Let $F(x, y)=\frac{-(x-y)}{x+y}$.

$\therefore F(\lambda x, \lambda y)=\frac{-(\lambda x-\lambda y)}{\lambda x-\lambda y}=\frac{-(x-y)}{x+y}=\lambda^{0} \cdot F(x, y)$

Therefore, the given differential equation is a homogeneous equation.

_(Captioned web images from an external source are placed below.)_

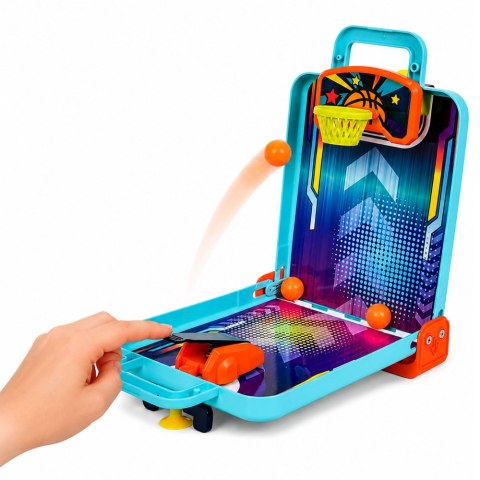 Mini Gra Zręcznościowa 3w1 Koszykówka Pinball Kręgle Przenośna Walizka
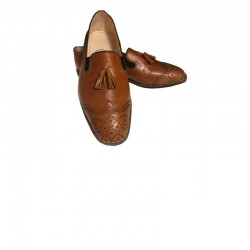 Tasseled Leather Oxford Loafers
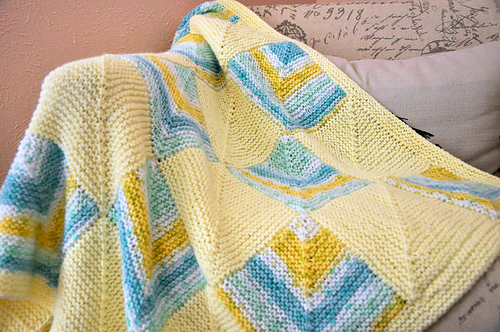 3117 Mitered Square Baby Blanket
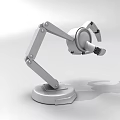 Smart Robotic Arm with Precision Mechanical Structure Articulated Joints and Stable Base 3d model
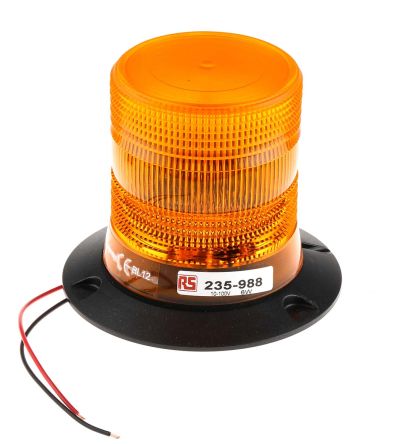 RS PRO, Xenon Blitz Signalleuchte Orange, 10 → 100 V Dc, Ø 150mm X 130mm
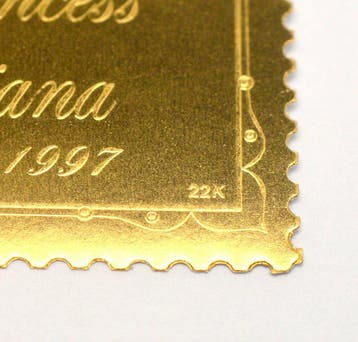 Maldiven. Medal Princess Diana 1997 - 1/100oz (.916) (Zonder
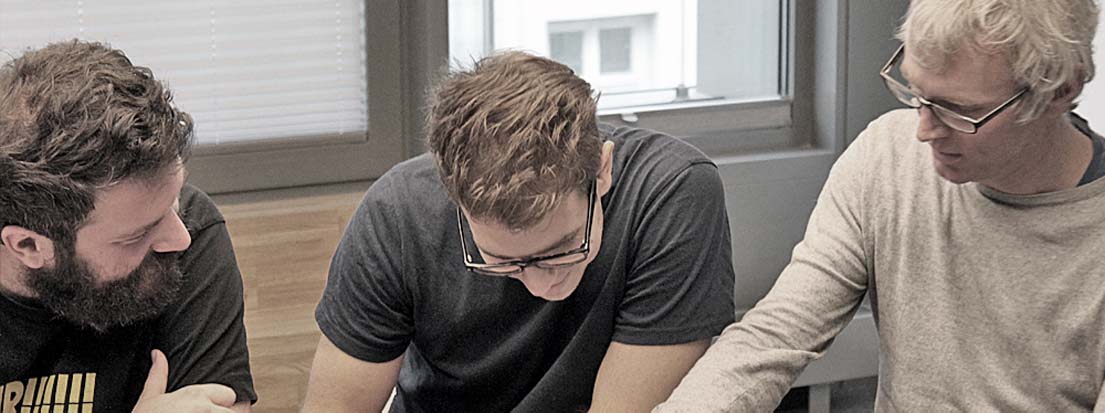 Designer und Redakteure von Egger & Lerch und der Tageszeitung Der Standard, Wien.
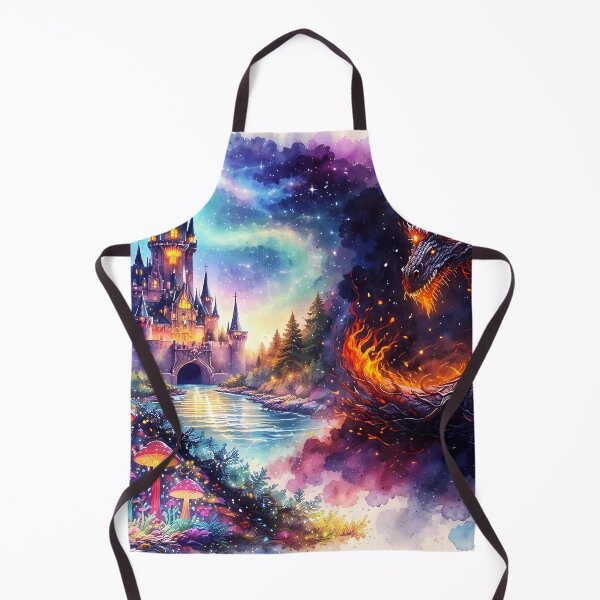 Item preview, Enchanted Castle and Fire Dragon designed and sold by cuprum.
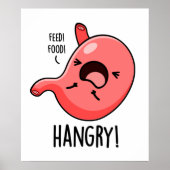 Hmad Funny Hungry Angry Stomach Pun Poster (Voorkant)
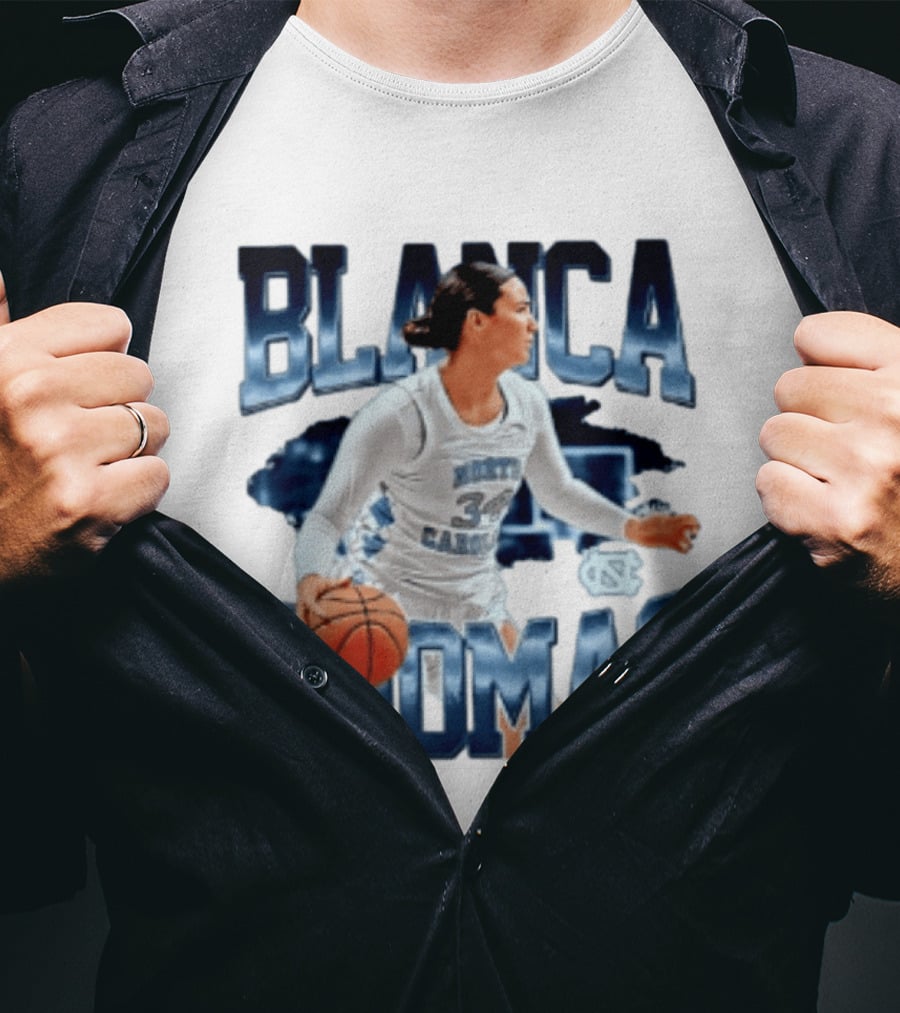 Blanca Thomas 34 North Carolina Tar Heels NCAA Women's Basketball Player T-Shirt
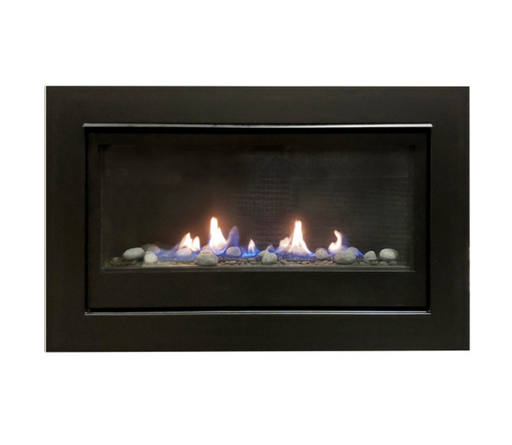 Sierra Flame Boston 36 Builders Linear Gas Fireplace with White Background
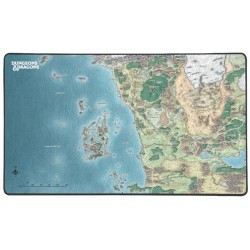 Tapis souris XL Faerun Map D&D - Konix Gaming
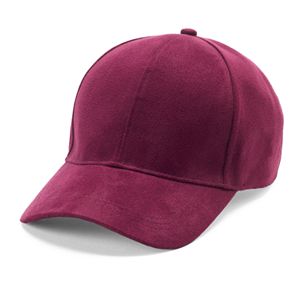 Women's Manhattan Accessories Co. Faux Suede Baseball Cap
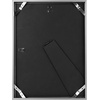 image:imageGolden State Art 8x10 Picture Frames with Mat for 5x7 Photos  Set of 4 Premium Real Glass Aluminum Frames for Wall or Tabletop Display  Modern SilverSilver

To solve it, we make the substitution as:

vx

$\Rightarrow \frac{d}{d x}(y)=\frac{d}{d x}(v x)$

$\Rightarrow \frac{d y}{d x}=v+x \frac{d v}{d x}$

Substituting the values of $y$ and $\frac{d y}{d x}$ in equation $(1)$, we get:

$v+x \frac{d v}{d x}=\frac{-(x-v x)}{x+v x}$

$\Rightarrow v+x \frac{d v}{d x}=\frac{v-1}{v+1}$

$\Rightarrow x \frac{d v}{d x}=\frac{v-1}{v+1}-v=\frac{v-1-v(v+1)}{v+1}$

$\Rightarrow x \frac{d v}{d x}=\frac{v-1-v^{2}-v}{v+1}=\frac{-\left(1+v^{2}\right)}{v+1}$

$\Rightarrow \frac{(v+1)}{1+v^{2}} d v=-\frac{d x}{x}$

$\Rightarrow\left[\frac{v}{1+v^{2}}+\frac{1}{1+v^{2}}\right] d v=-\frac{d x}{x}$

Integrating both sides, we get:

$\frac{1}{2} \log \left(1+v^{2}\right)+\tan ^{-1} v=-\log x+k$

$\Rightarrow \log \left(1+v^{2}\right)+2 \tan ^{-1} v=-2 \log x+2 k$

$\Rightarrow \log \left[\left(1+v^{2}\right) \cdot x^{2}\right]+2 \tan ^{-1} v=2 k$

$\Rightarrow \log \left[\left(1+\frac{y^{2}}{x^{2}}\right) \cdot x^{2}\right]+2 \tan ^{-1} \frac{y}{x}=2 k$

$\Rightarrow \log \left(x^{2}+y^{2}\right)+2 \tan ^{-1} \frac{y}{x}=2 k$           ...(2)

Now, $y=1$ at $x=1$.

$\Rightarrow \log 2+2 \tan ^{-1} 1=2 k$

$\Rightarrow \log 2+2 \times \frac{\pi}{4}=2 k$

$\Rightarrow \frac{\pi}{2}+\log 2=2 k$

Substituting the value of $2 k$ in equation (2), we get:

$\log \left(x^{2}+y^{2}\right)+2 \tan ^{-1}\left(\frac{y}{x}\right)=\frac{\pi}{2}+\log 2$

This is the required solution of the given differential equation.